We have 300 = 2² × 3 × 5²

Let xyz = 2² × 3 × 5² ……..(i)

Now x will be of the form 2^a1 × 3^b1 × 5^c1, y will be of the form 2^a2 × 3^b2 × 5^c2 and z will be of the form

2^a3 × 3^b3 × 5^c3.

Hence (i) becomes

2^a1+a2+a3 × 3^b1+b2+b3 × 5^c1+c2+c3 = 2² × 3 × 5²

Hence,

a₁ + a₂ + a₃ = 2 which gives us ⁴C₂ = 6 solutions

b₁ + b₂ + b₃ = 1 which gives ³C₂ = 3 solutions

c₁ + c₂ + c₃ = 2 which gives ⁴C₂ = 6 solutions

Hence, total solutions are 6 × 3 × 6 = 108.

Now out of these 108 solutions, there are some solutions in which two integers are equal. These are

1 ×1 × 300, 2 × 2 × 75, 5 ×5 × 12, 10 × 10 × 3. Now all these solutions must have occurred 3 times in the above 108 solutions. Hence, there are 108 – 12 = 96 solutions in which x, y and z are distinct.

Now x, y and z can be arranged in 3! = 6 ways. Hence the number of distinct solutions are 96/6 = 16. Hence there are 4 solutions in which two integers are equal and 16 solutions in which all the integers are unequal.

Now in case of 4 solutions, where 2 integers are equal, we have the cases where two integers are negative. For example, corresponding to the solution, 1 ×1 × 300, there are two other cases like

– 1 ×- 1 × 300 and 1 × – 1 × – 300. Hence, there are 4 × 3 = 12 solutions where two of the integers are equal.
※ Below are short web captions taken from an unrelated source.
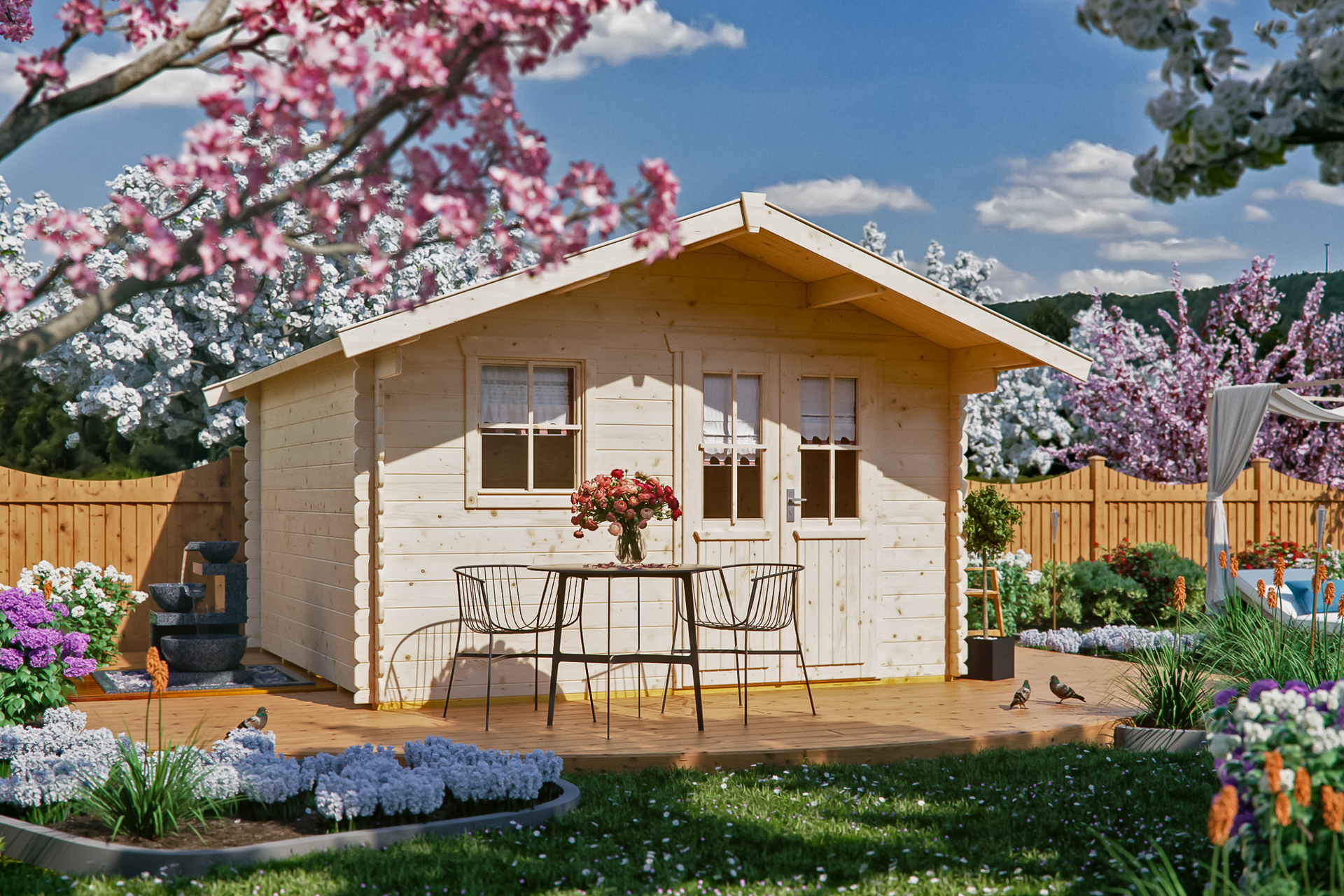 Gartenhaus Malaga , mit Vordach natur 1 Gartenhaus Malaga , mit Vordach natur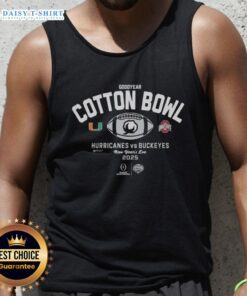 Alt Text: 2025 Goodyear Cotton Bowl tank top featuring Miami Hurricanes vs Ohio State Buckeyes design for fans.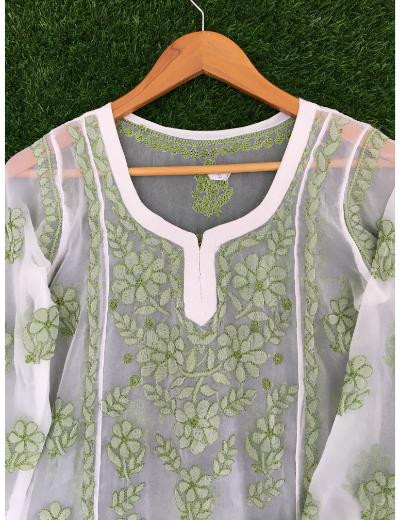 Chhangamal Hand Embroidered White Colour Georgette Chikankari Top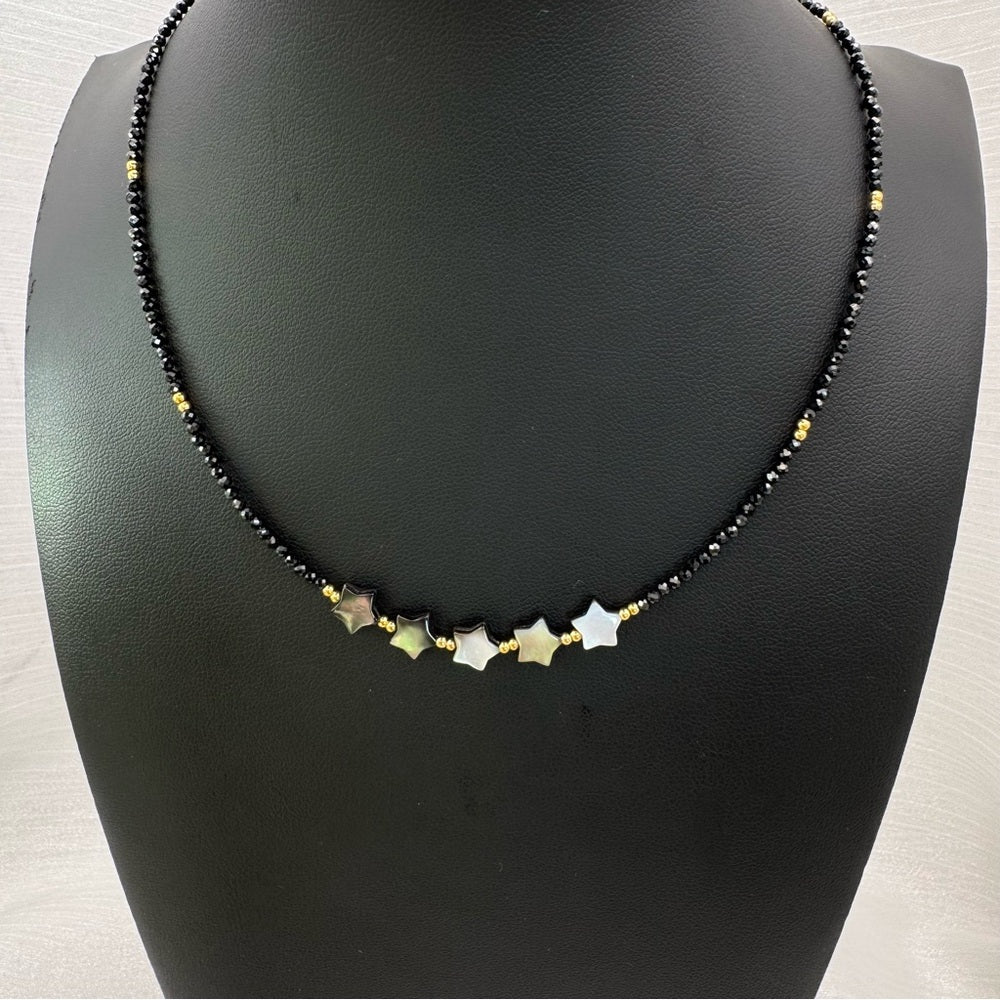 5 Black Mother of Pearl Star and Black Spinel Necklace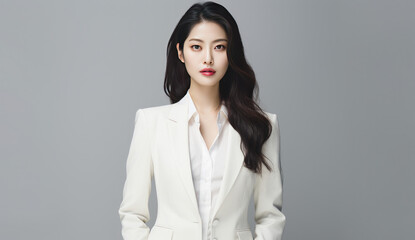 Confident young Asian student or office worker in white blouse, smiling with positive energy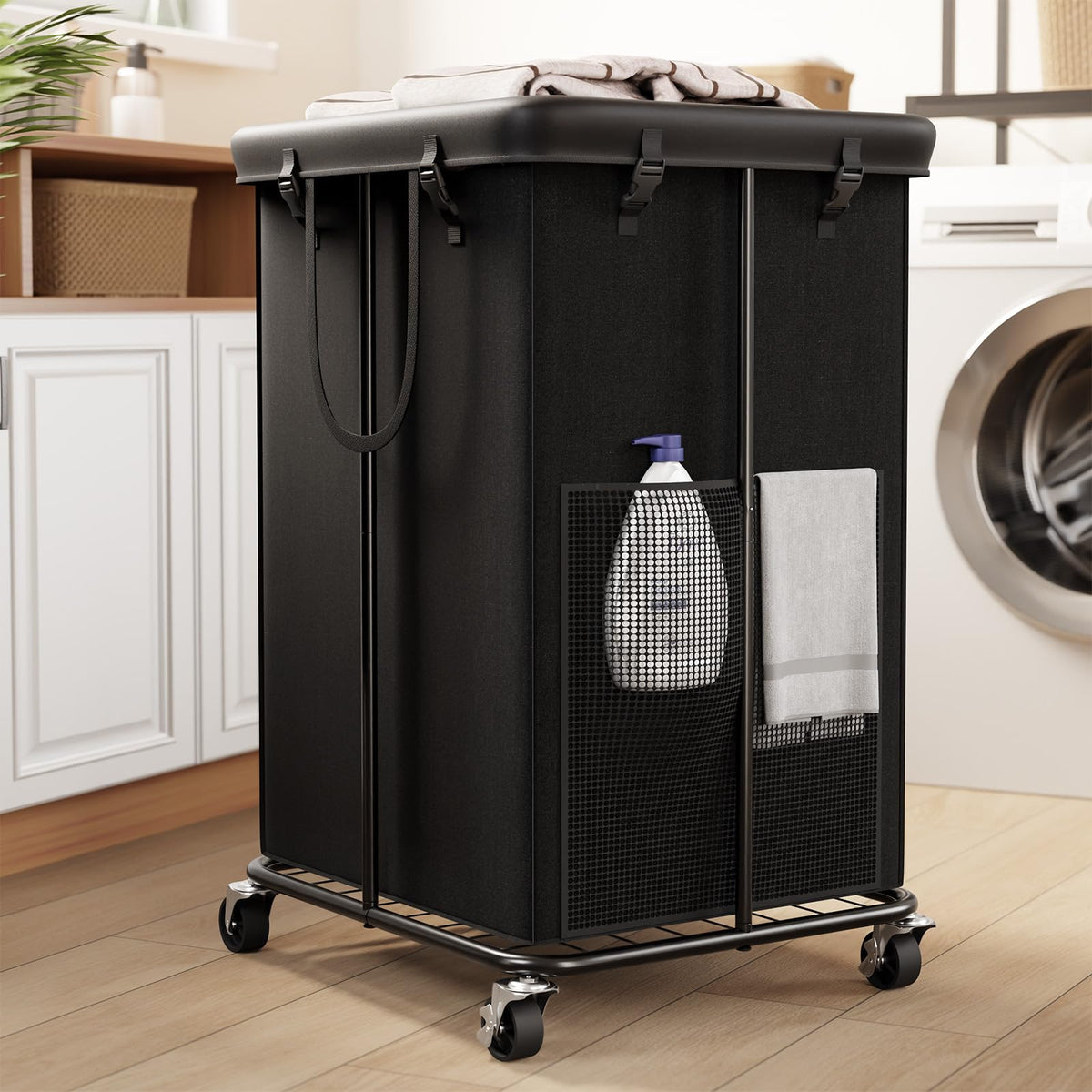 150L Large Laundry Hamper with Wheels, Rolling Laundry Basket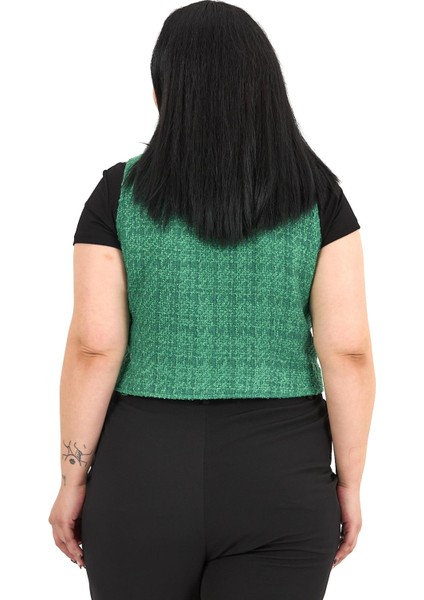 Büyük Beden Düğme Kapamalı Cep Kapaklı Astarlı Kısa Buklet Yeşil Yelek modelleri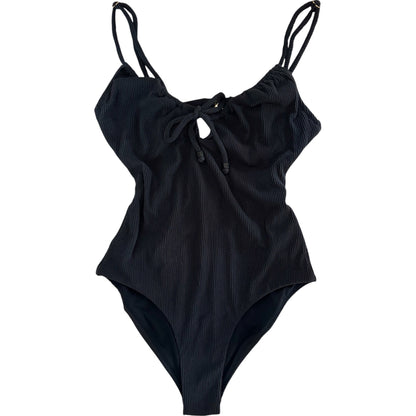 Free People Rhythm Navy Isla Ribbed Tie Front One Piece - Size M (UK 10)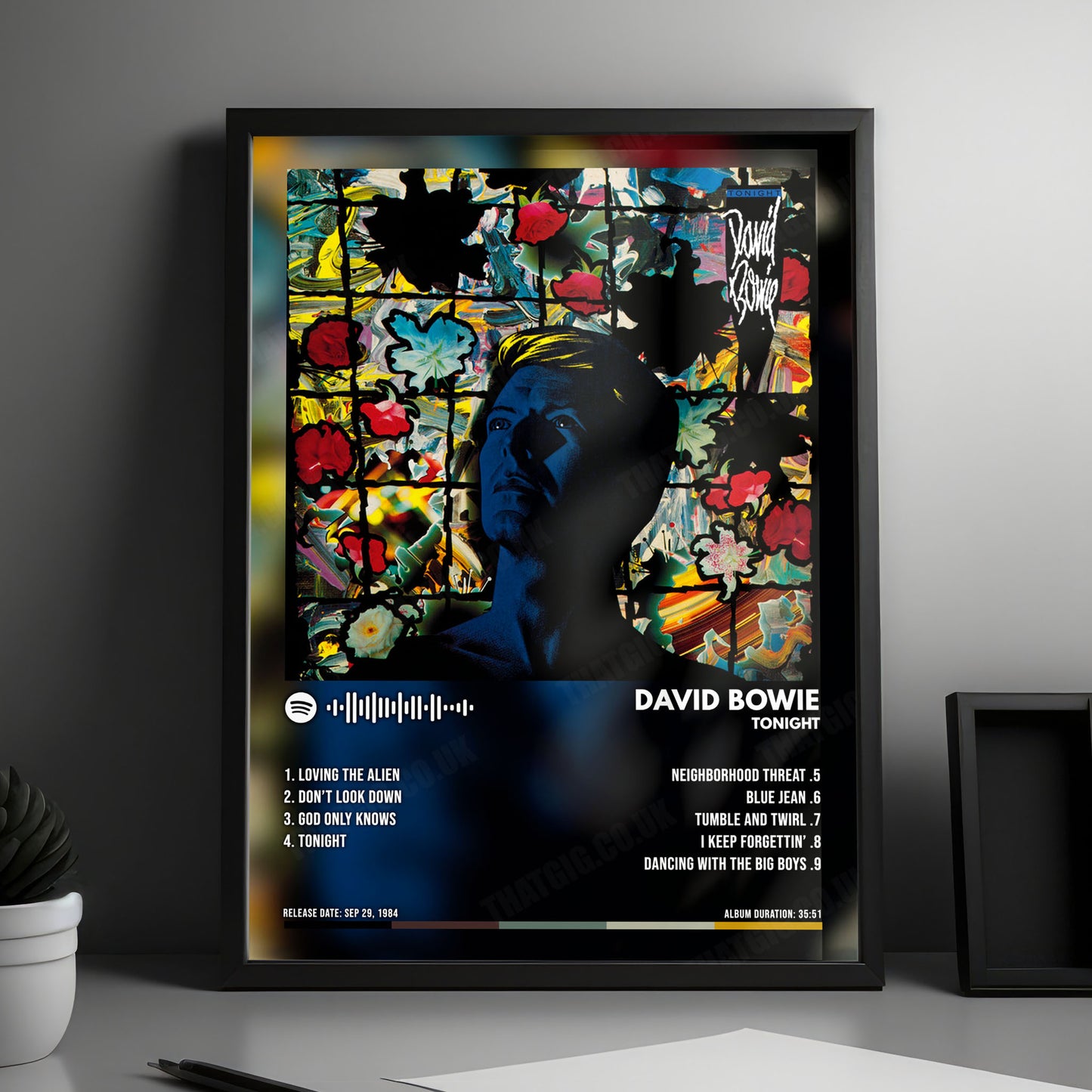David Bowie "Tonight" Album Cover Poster - with Complete Tracklist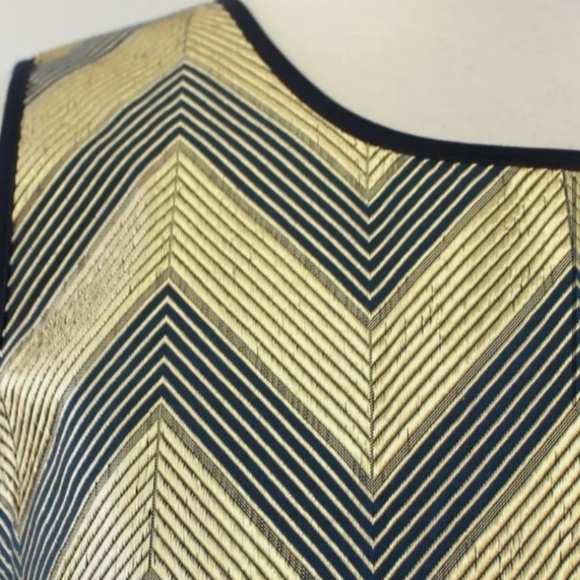 J Crew Tank Top Wool Mixed Metallic Blue Gold Gilded Chevron Shell Blouse Size 6 - Picture 3 of 11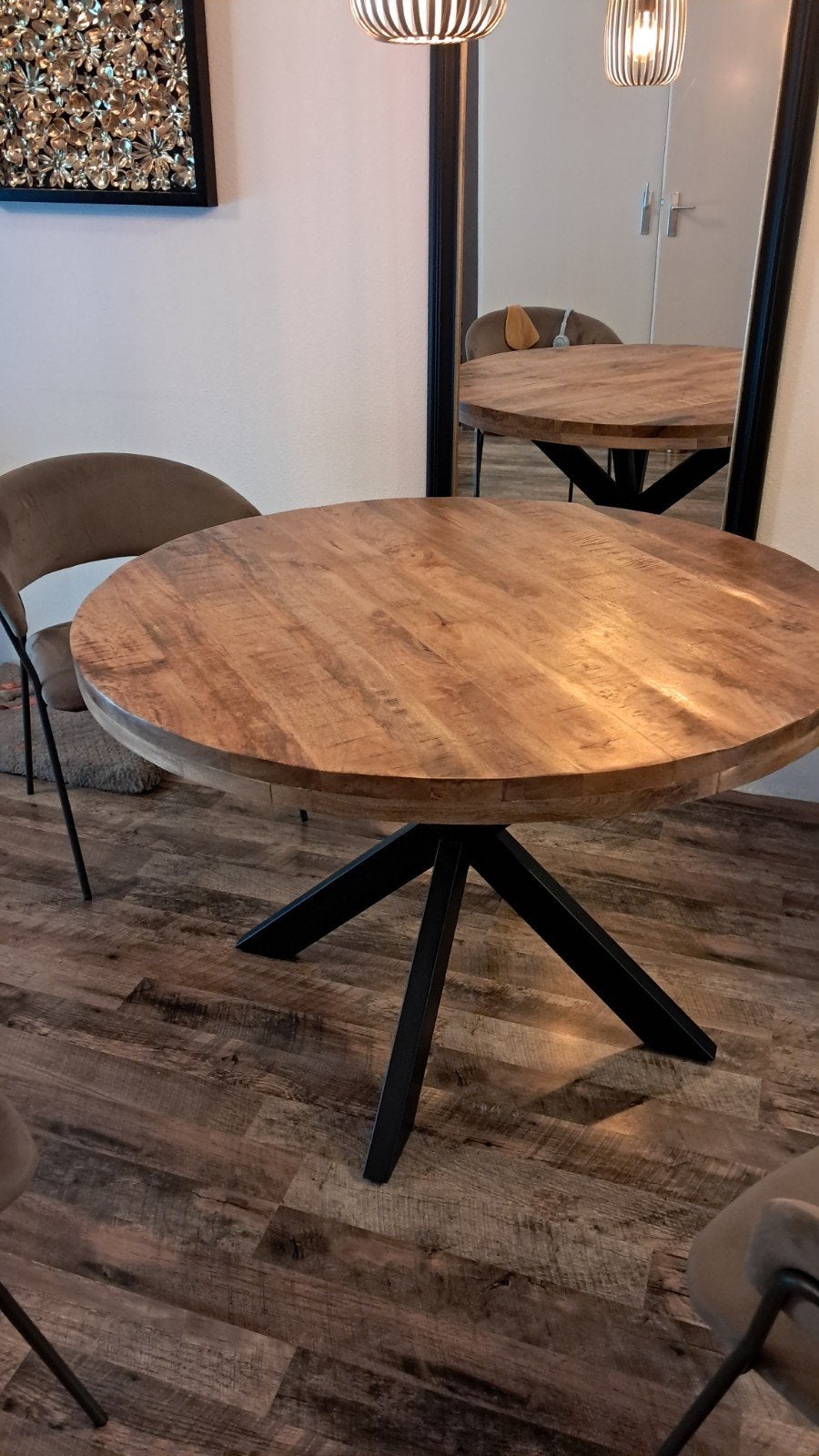Ronde houten tafel doorsnee 115 cm, zgan, Ophalen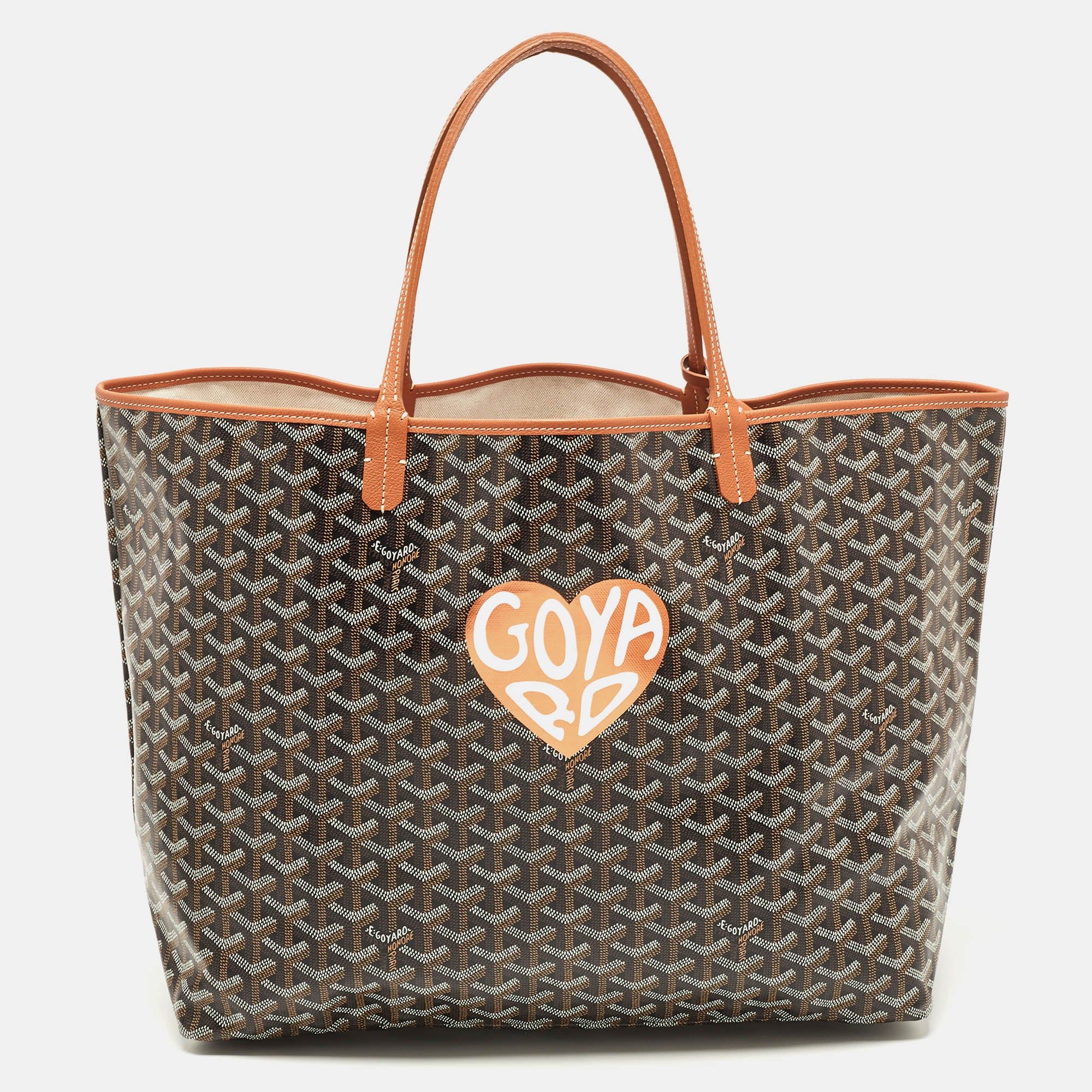 image of Goyard Brown Ine Coated Canvas And Leather Coeur Saint Louis Gm Tote, Women's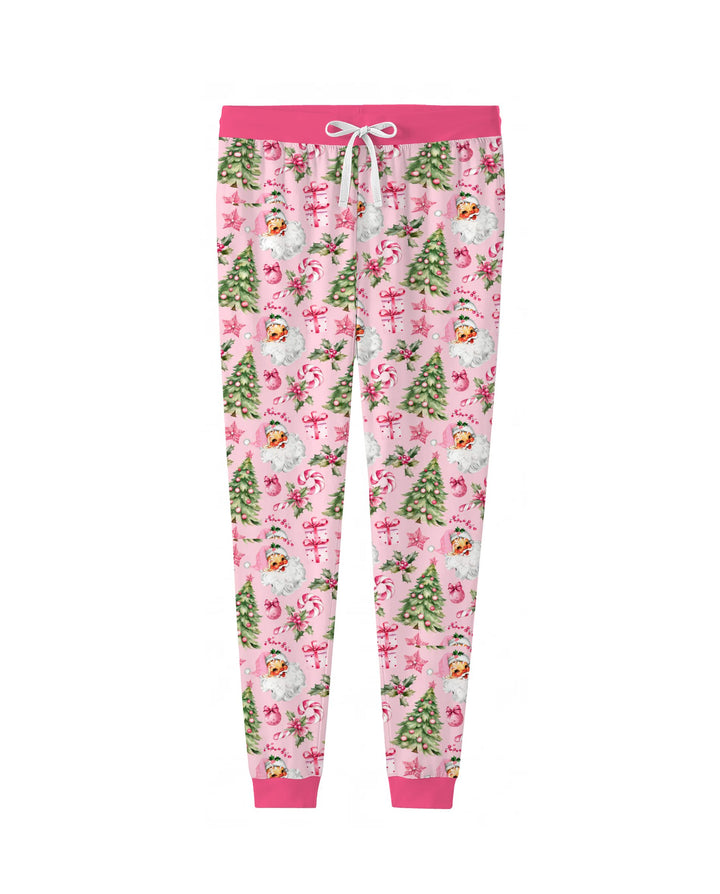 Pink Vintage Santa Christmas Tree Bamboo Women Pajama Set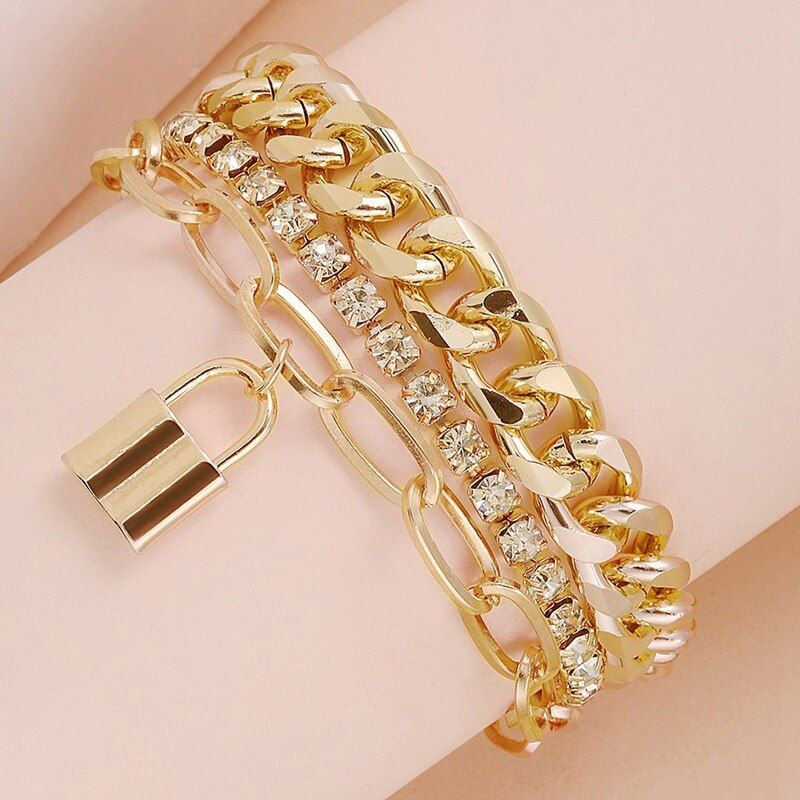 Gothic Lock Pendent Bracelets Set For Women Boho Rhinestone Chain Bracelets Bangles Fashion Jewelry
Again for every solution where all the three integers are unequal, we can have 2 negative integers. This can be done in ³C₁ or 3 ways. For example, corresponding to the solution say 4 × 3 × 25 we have – 4 × – 3 × 25, – 4 × 3 × – 25, 4 × – 3 × – 25.

Hence, corresponding to each solution where x, y and z are distinct, we have 3 more solutions.

Hence, in total we have 16 × 4 = 64 solutions where all the three integers are distinct.

Hence, the total number of solutions is 64 + 12 = 76.